Take nothing but the lines from the one with "Nine West Dusty" through the one with "Builder or contractor, architect" in the entries below, both ends kept, and return them exactly with pictures left out.
##### LISTED RECORDS
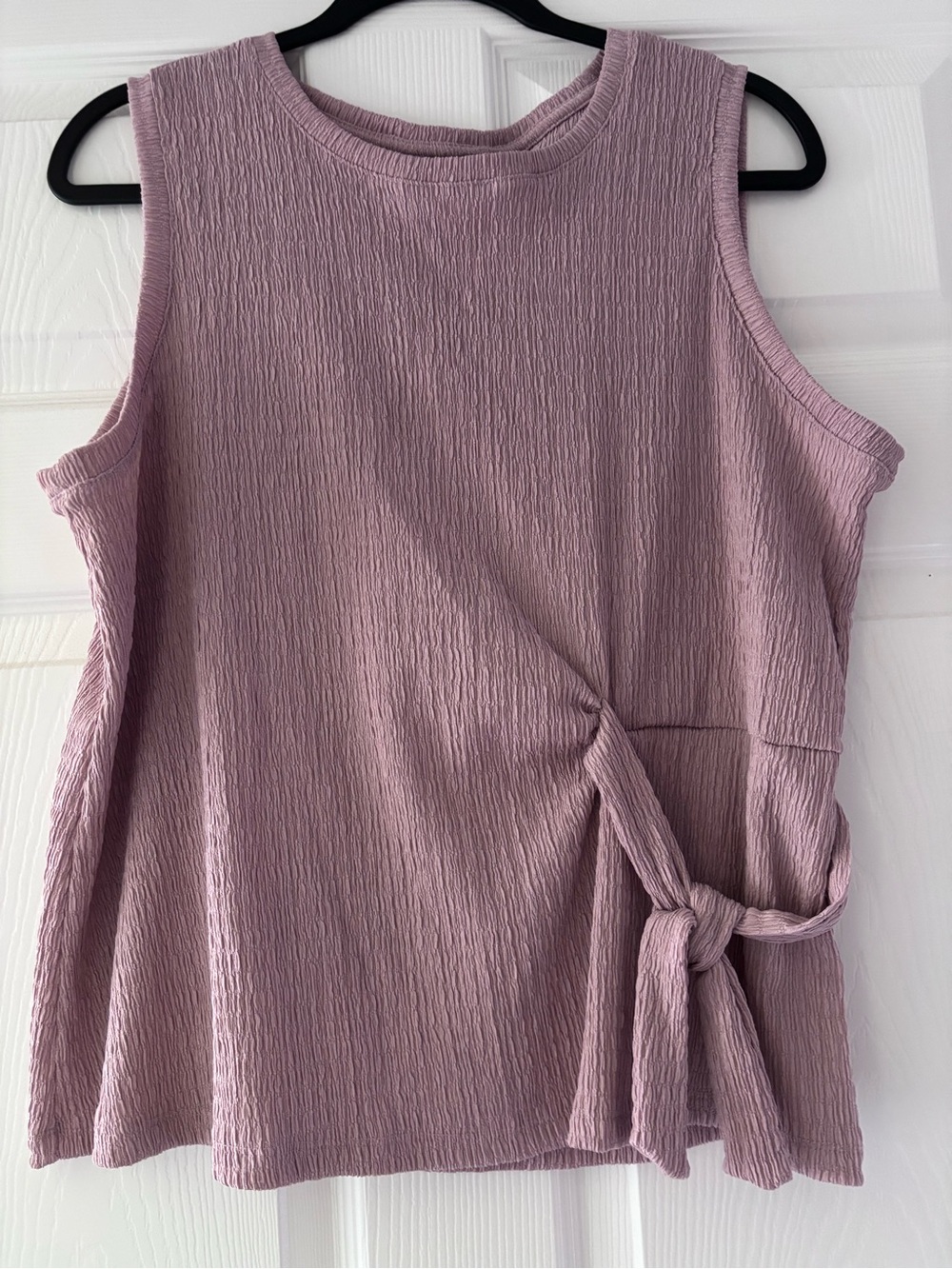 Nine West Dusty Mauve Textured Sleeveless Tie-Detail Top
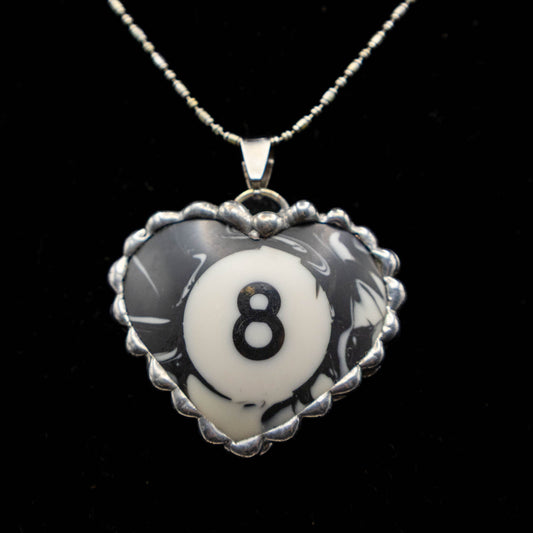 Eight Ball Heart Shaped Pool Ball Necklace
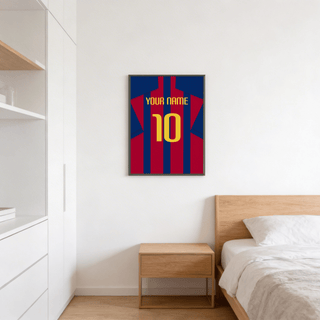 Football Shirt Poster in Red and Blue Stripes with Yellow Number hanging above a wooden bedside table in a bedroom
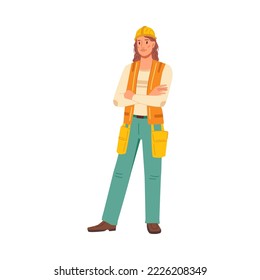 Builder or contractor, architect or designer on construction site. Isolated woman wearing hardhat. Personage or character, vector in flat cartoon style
##########
##### LISTED RECORDS
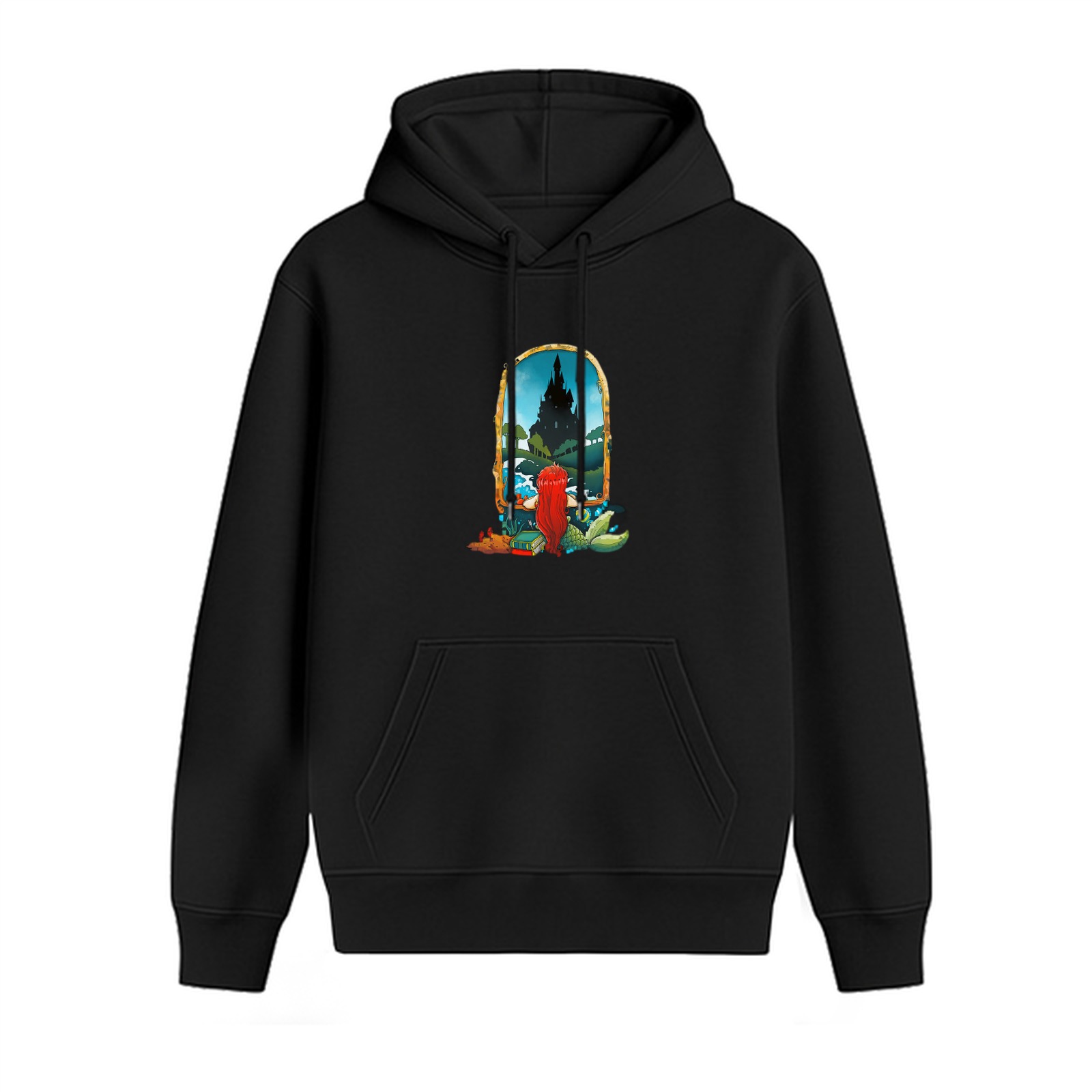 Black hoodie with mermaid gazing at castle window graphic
##########
##### LISTED RECORDS
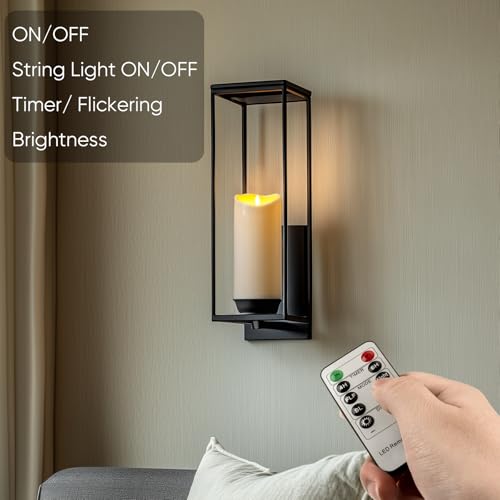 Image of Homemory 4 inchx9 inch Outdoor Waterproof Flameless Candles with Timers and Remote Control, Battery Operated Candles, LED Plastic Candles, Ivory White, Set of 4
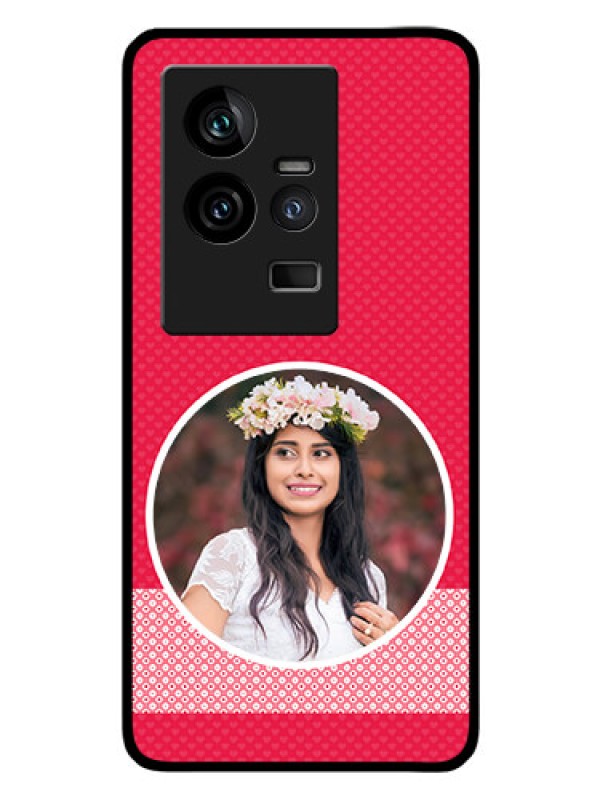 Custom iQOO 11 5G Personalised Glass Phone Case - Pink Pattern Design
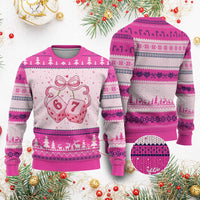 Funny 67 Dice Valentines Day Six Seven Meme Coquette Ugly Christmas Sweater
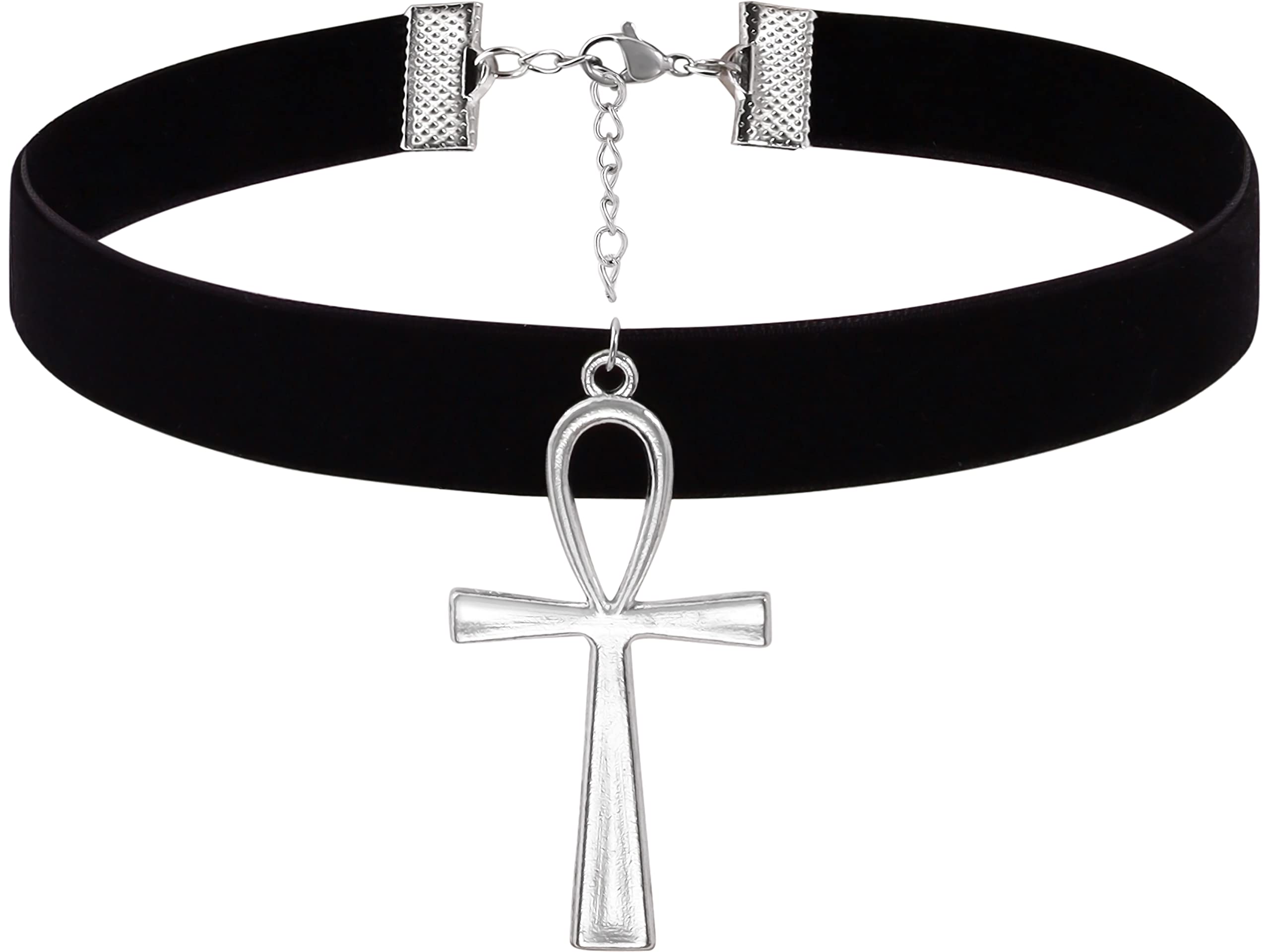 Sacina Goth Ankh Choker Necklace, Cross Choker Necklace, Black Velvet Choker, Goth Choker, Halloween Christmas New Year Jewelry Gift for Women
##########
RESULT OF THIS TASK:
 Nine West Dusty Mauve Textured Sleeveless Tie-Detail Top
 Eight Ball Heart Shaped Pool Ball Necklace
 Football Shirt Poster in Red and Blue Stripes with Yellow Number hanging above a wooden bedside table in a bedroom
 Builder or contractor, architect or designer on construction site. Isolated woman wearing hardhat. Personage or character, vector in flat cartoon style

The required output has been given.